Heather Ozur had been a real estate professional for three years before she joined her area Women’s Council.

“I had moved from the greater Los Angeles area to Palm Springs. I wanted to meet other people,” says Ozur, a real estate professional with The RECollective, Palm Springs, Calif. “I was the youngest person there. I didn’t know anything about volunteering within the business, but I liked the fact that they put on education programs.”

She also began to understand that the members were there for guidance and support.

“If you need anything, there is someone there to help. The next thing you know, you are elected to a board position,” she adds. “But it is a sense of camaraderie, especially in this ever-changing market.”

She took on active roles volunteering and rose through the ranks to the position of 2014 President for Women’s Council of REALTORS® California. She then served as 2019 National President, and today, she’s the director with the National Association of REALTORS® and 2023 treasurer of the California Association of REALTORS®.

For real estate professionals who want to get involved in the organization, Ozur suggests starting out by attending local council get-togethers. For the younger real estate professionals, she says that the council is the perfect place to acquire some experience in the leadership space. Likewise, Ozur encourages members who have been around a while to lift up those younger in the business.

“We should all show young women that they can do this. Encourage them to stand up and be part of it,” she adds.

The Impact of Margo Wheeler—An Integral Women's Council Member

The late Margo Wheeler loved the Women's Council.
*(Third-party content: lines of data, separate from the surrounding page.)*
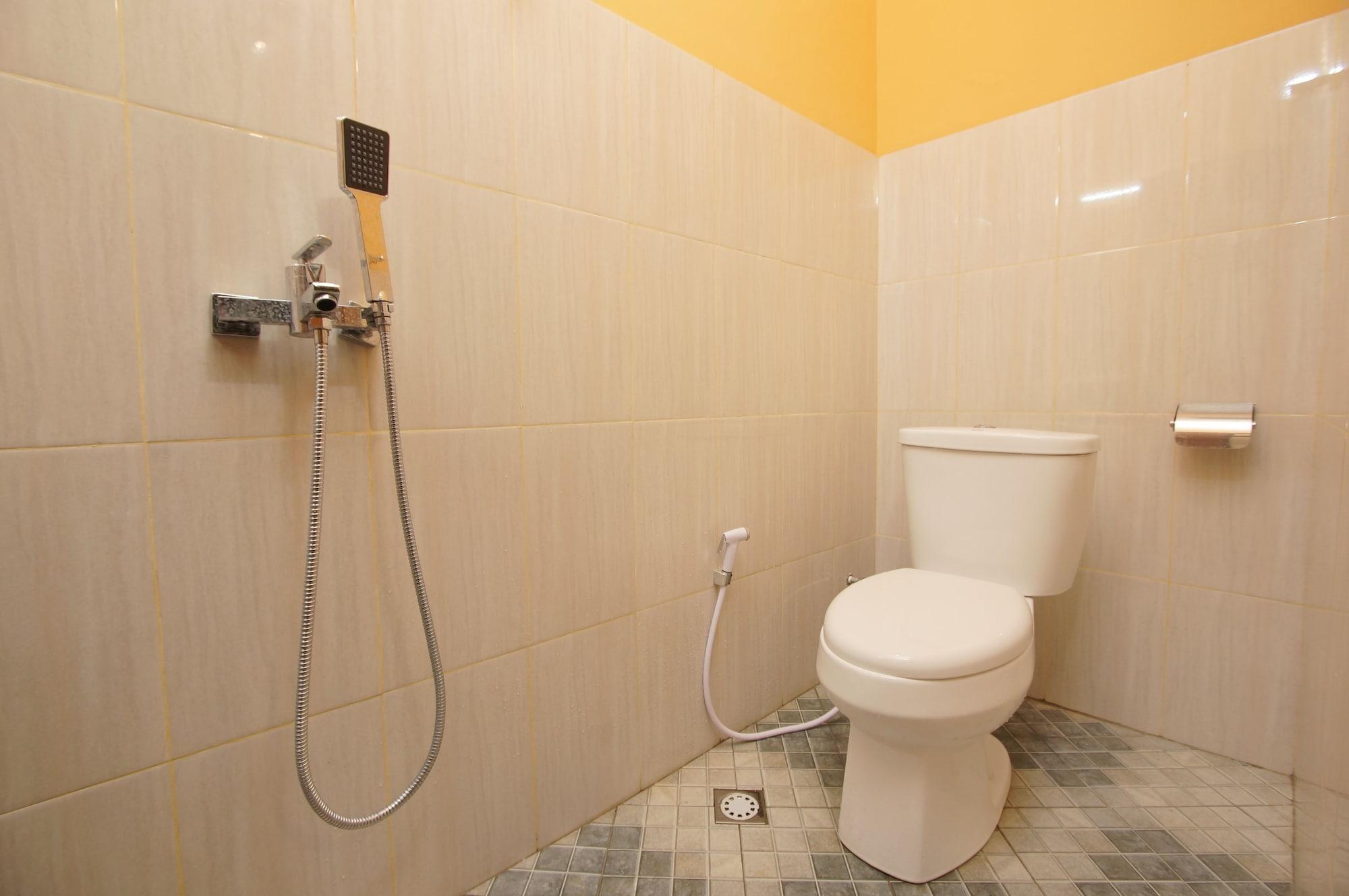 Oyo 347 Bayang Brothers Guest House Maguwo Ngoại thất bức ảnh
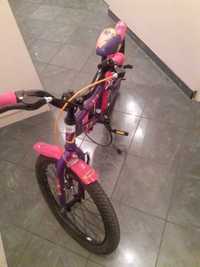 Велосипед за дете 5-8 години с помощни колела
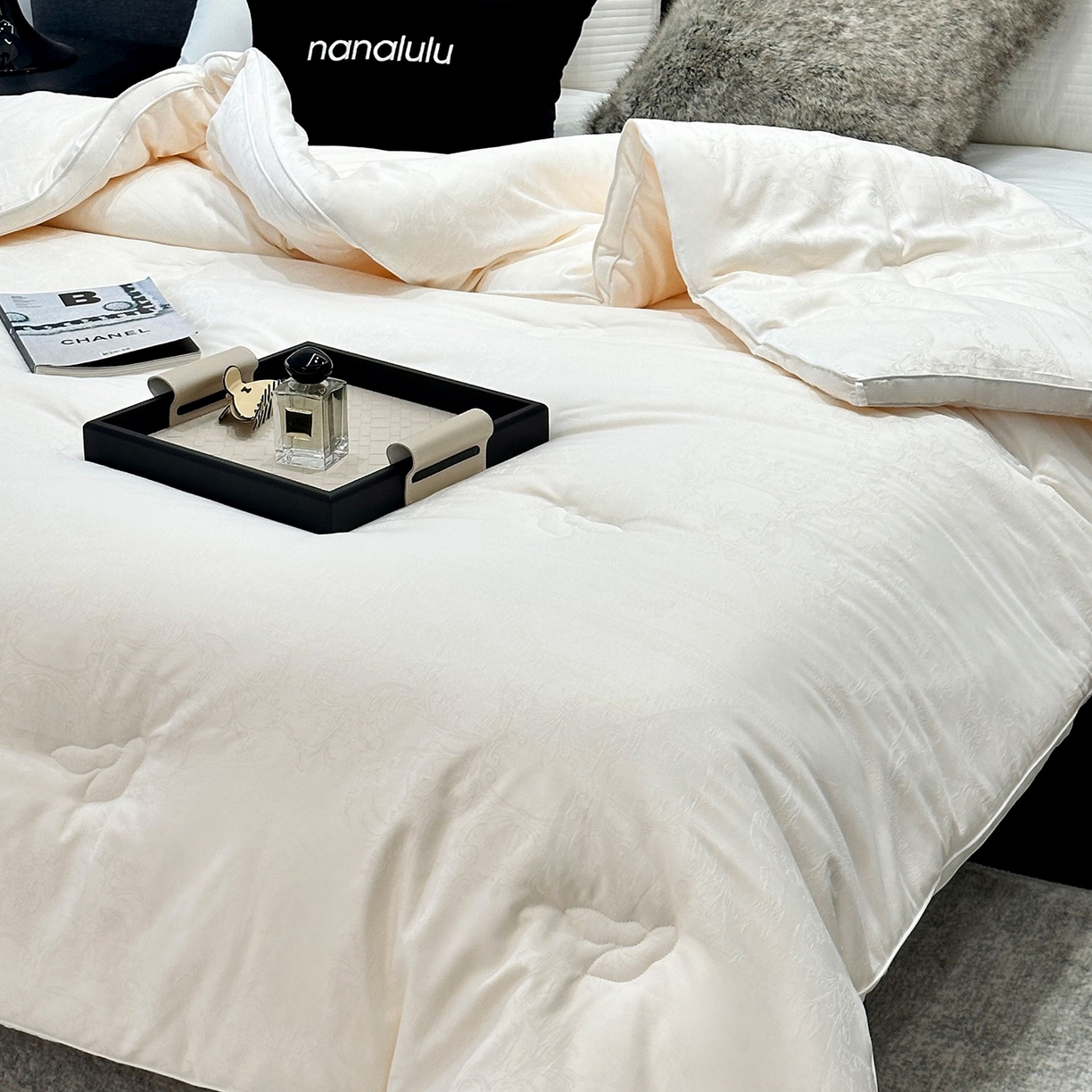 91家纺网 家纺一手货源 找家纺 （总）JUICY 橘滋家纺 2025新款精奢提花抗菌大豆蛋白被子被芯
It was a bright place where, in the beginning of her career, she witnessed Black women serving as trailblazers.

“When I became a REALTOR®, I didn’t see a lot of women in leadership other than in the Women’s Council,” she said in a recent NAR interview. “When I went to the Women’s Council, there was a full support system there for me (as a woman), but not necessarily for women of color.”

She did, however, watch a fellow Black woman, Maxine Jennings from California, become the national Women’s Council President in 2001, which she said, “gave me the belief that there was a place for me,” she said.

Wheeler became the third woman of color to rise to president in 2011.

Wheeler, who died in January after a battle with cancer, had retired after 20 years in the United States Army. She served as a real estate professional in Tacoma, Wash., and maintained active involvement in leadership roles with the council and the NAR, including becoming its 2023 Vice President of Association Affairs.